É comum ocorrer no final de um ano as famosas “previsões” para o seguinte: “uma importante figura vai falecer”, “vai acontece um escândalo nacional”, “os astros indicam que podem ocorrer desastres naturais”… No entanto, ninguém em seu juízo normal pode indicar com algum grau de precisão o que nos espera em 2020. Se não há certezas, há cenários.

– Os ataques dos EUA ao Irã tem potencial de gerar grandes conflitos mundiais e mexer com a geopolítica mundial. O Brasil, pela primeira vez em muitos anos, alinhado à estratégia belicista, pode sofrer consequências.

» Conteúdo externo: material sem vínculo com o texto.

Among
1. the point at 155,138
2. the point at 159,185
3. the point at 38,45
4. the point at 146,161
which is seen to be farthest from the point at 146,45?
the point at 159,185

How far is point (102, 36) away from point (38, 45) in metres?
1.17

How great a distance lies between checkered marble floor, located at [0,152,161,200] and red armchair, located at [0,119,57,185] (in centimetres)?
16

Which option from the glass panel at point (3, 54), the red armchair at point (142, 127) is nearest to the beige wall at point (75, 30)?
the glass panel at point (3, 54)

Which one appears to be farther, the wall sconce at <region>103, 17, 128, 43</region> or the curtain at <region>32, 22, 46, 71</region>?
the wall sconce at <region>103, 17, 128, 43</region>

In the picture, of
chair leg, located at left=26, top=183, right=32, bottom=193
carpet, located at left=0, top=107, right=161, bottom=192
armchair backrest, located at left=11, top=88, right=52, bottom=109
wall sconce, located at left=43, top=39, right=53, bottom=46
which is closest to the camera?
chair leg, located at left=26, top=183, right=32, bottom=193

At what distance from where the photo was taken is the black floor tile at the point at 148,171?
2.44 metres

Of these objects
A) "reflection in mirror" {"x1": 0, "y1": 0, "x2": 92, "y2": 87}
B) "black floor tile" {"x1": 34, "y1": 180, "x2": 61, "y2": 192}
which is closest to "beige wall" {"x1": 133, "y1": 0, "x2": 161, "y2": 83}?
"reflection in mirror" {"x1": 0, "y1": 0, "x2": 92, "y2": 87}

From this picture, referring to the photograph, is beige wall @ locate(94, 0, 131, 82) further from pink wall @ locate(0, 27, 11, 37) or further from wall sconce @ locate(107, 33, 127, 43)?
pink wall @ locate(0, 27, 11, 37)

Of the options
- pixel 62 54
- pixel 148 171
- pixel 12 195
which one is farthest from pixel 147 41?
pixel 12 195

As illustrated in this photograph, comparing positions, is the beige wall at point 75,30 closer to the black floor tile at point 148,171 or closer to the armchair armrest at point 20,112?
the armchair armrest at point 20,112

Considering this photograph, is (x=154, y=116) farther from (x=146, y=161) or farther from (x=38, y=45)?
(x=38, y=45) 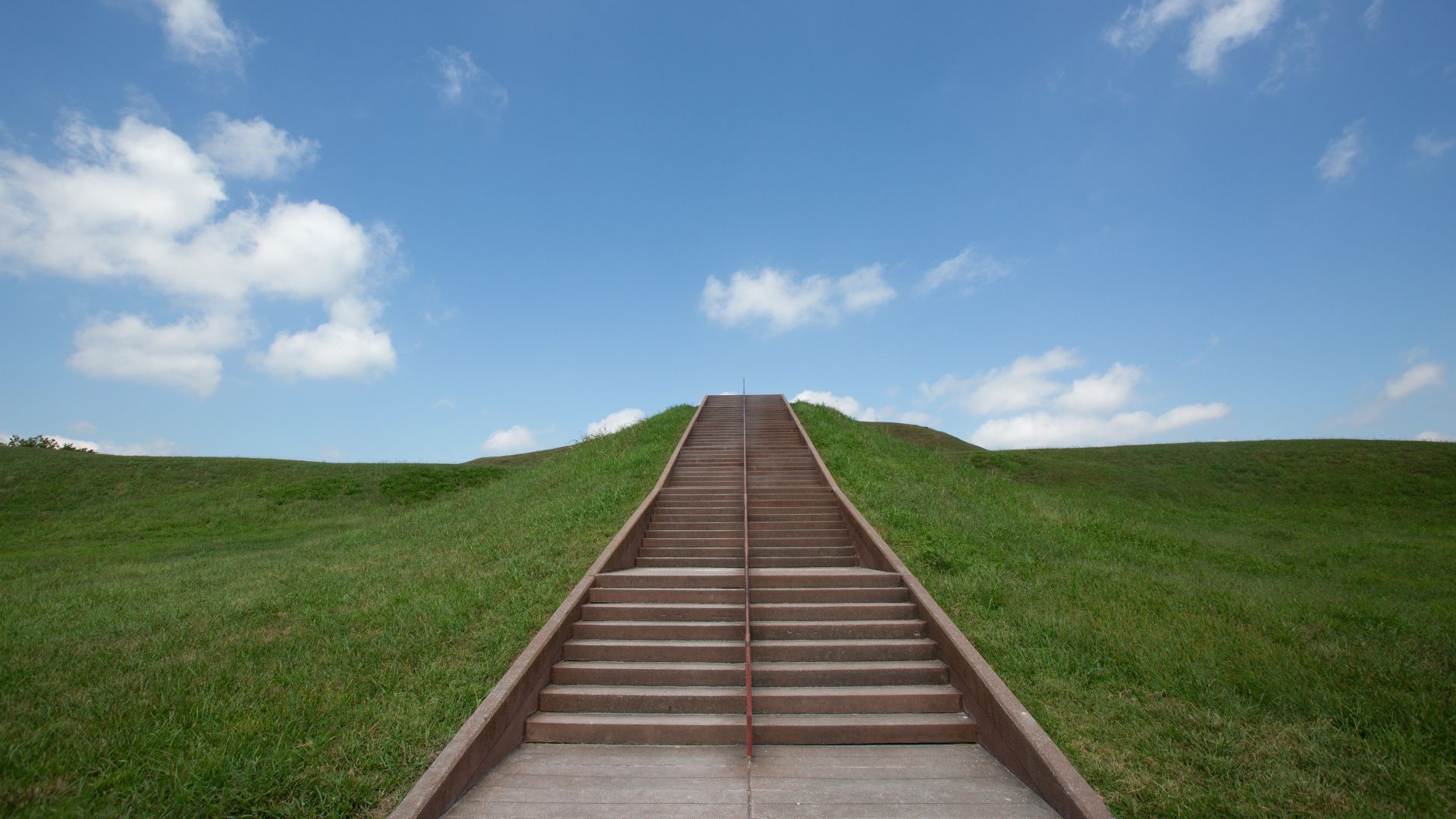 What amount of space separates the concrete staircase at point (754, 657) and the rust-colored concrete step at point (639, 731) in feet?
0.04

> Bolsonaro foi eleito na esteira do crescimento da direita mundial, o impeachment de Trump (pouco provável) ou sua não reeleição, podem chacoalhar o tabuleiro mundial.
> No Brasil irão ocorrer eleições municipais. O comportamento do eleitorado este ano será um indicativo forte para a sucessão presidencial. O governo não decola na economia, se afunda nas questões sociais, aposta no obscurantismo e ignorância e patrocina o aumento da violência policial e das milícias. Um projeto que parece não ter fôlego para quatro anos.
> Internamente, a alta gestão da Petrobrás corre para entregar anéis, dedos e outras partes para o capital estrangeiro. Dá para imaginar Paulo Guedes ligando para White Castell esculhambando o gestor de botequim por não ter vendido tudo ainda.

Esses cenários são voláteis, irão depender de muitos fatores. Uma única coisa é previsão certeira: haverá muita resistência e luta do movimento sindical contra a entrega de nosso patrimônio, em defesa dos empregos e dos direitos.